- [Source material]:
=== Begin Enclosure ===
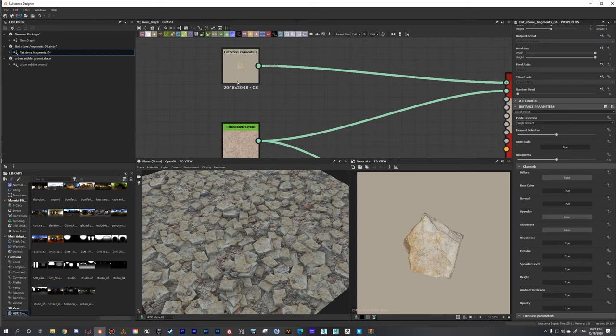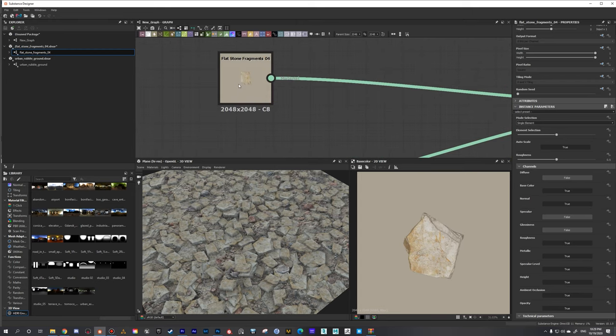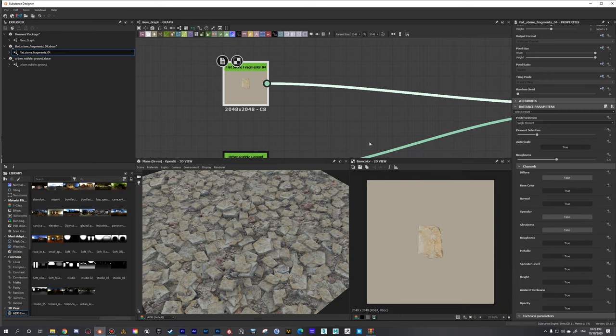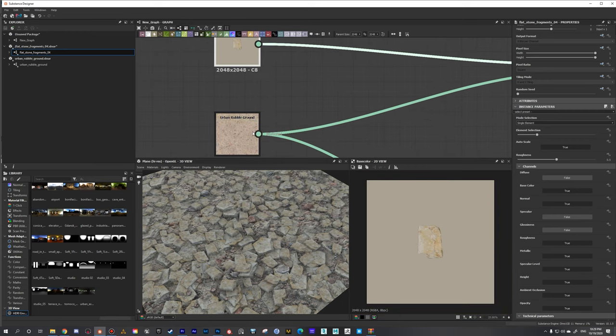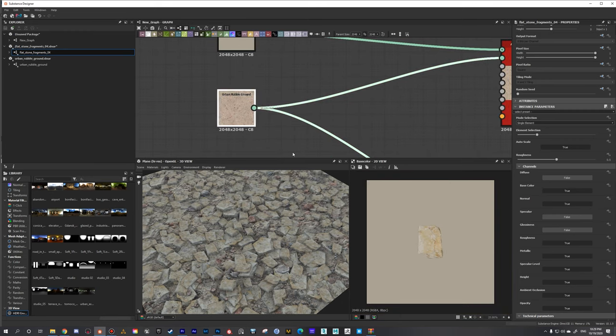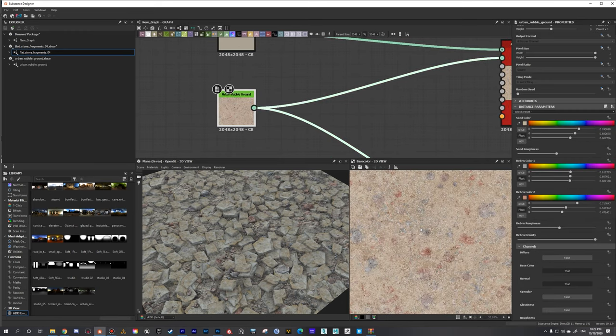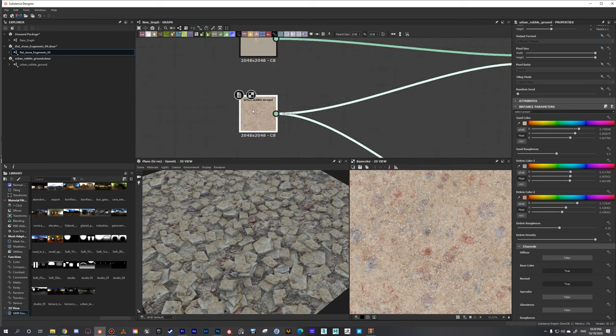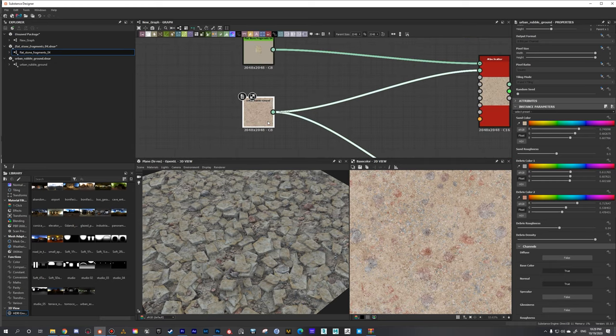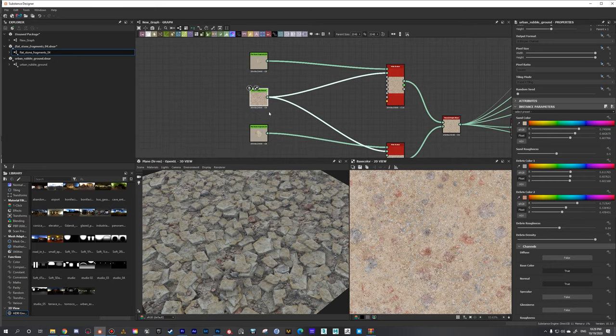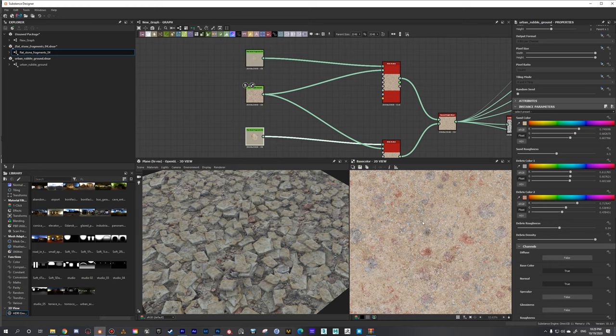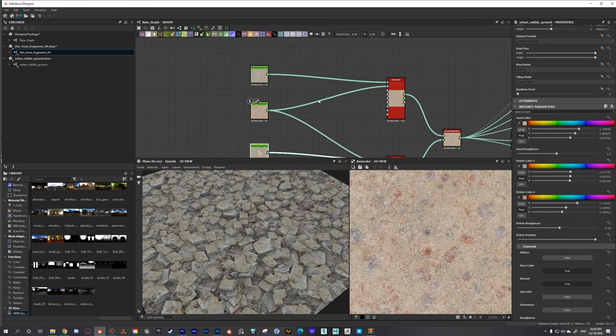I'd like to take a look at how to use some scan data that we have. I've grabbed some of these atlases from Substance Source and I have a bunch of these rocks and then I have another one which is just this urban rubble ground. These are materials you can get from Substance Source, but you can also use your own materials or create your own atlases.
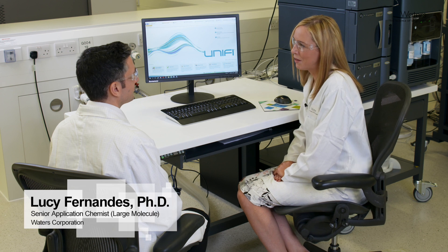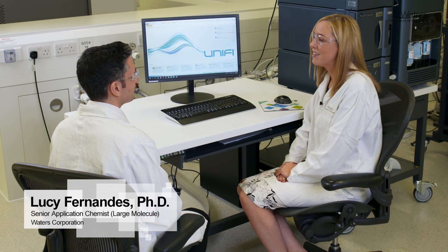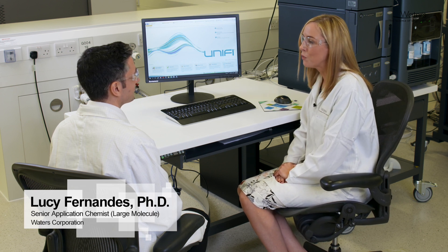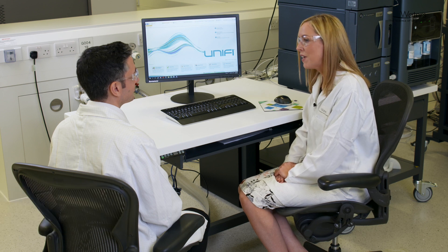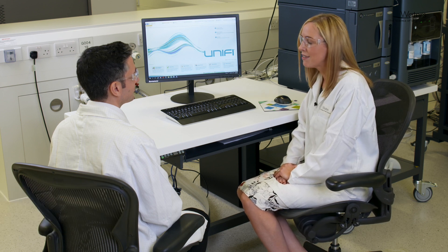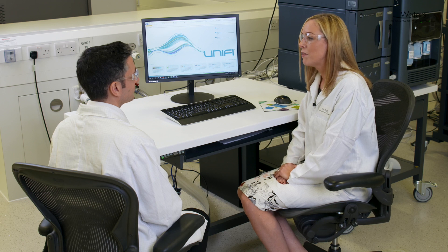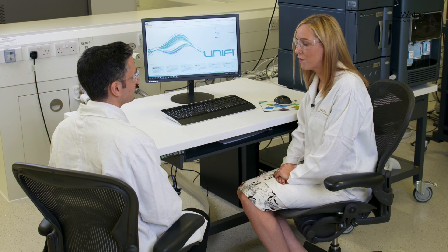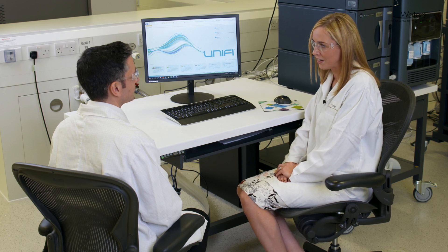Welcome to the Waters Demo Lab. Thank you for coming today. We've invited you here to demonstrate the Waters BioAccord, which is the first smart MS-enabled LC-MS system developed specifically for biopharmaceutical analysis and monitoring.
=== End Enclosure ===
=== Begin Enclosure ===
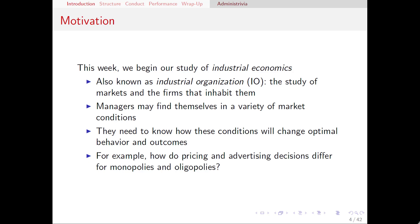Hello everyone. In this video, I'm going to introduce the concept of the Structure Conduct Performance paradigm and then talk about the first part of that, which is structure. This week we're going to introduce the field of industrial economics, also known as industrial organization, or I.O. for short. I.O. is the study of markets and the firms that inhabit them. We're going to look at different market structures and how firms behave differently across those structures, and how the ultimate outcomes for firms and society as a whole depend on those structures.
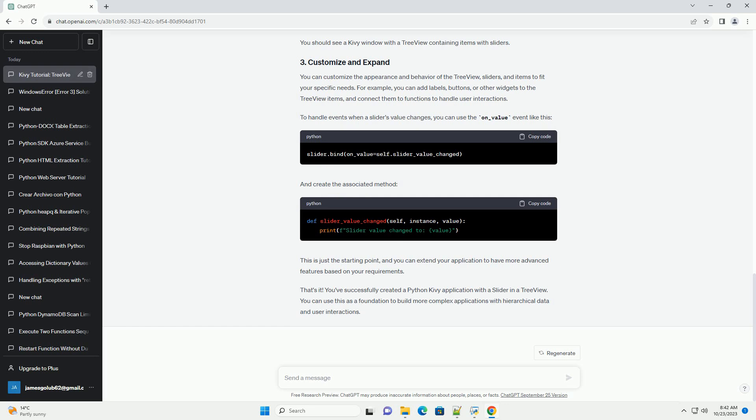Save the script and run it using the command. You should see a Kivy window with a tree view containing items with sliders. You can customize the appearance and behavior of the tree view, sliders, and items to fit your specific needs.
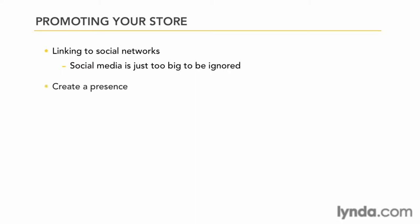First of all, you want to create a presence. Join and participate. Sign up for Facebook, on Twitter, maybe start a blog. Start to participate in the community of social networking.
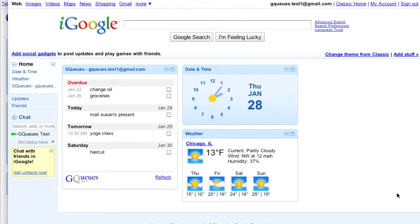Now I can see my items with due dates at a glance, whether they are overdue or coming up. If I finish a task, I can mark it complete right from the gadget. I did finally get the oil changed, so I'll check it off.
=== End Enclosure ===
- [Assignment]:
Print everything from the line with "Save the script" down to the line with "Now I can see" in the entries above, both lines included and nothing more, without the pictures.

- [Expected output]:
Save the script and run it using the command. You should see a Kivy window with a tree view containing items with sliders. You can customize the appearance and behavior of the tree view, sliders, and items to fit your specific needs.
First of all, you want to create a presence. Join and participate. Sign up for Facebook, on Twitter, maybe start a blog. Start to participate in the community of social networking.
Now I can see my items with due dates at a glance, whether they are overdue or coming up. If I finish a task, I can mark it complete right from the gadget. I did finally get the oil changed, so I'll check it off.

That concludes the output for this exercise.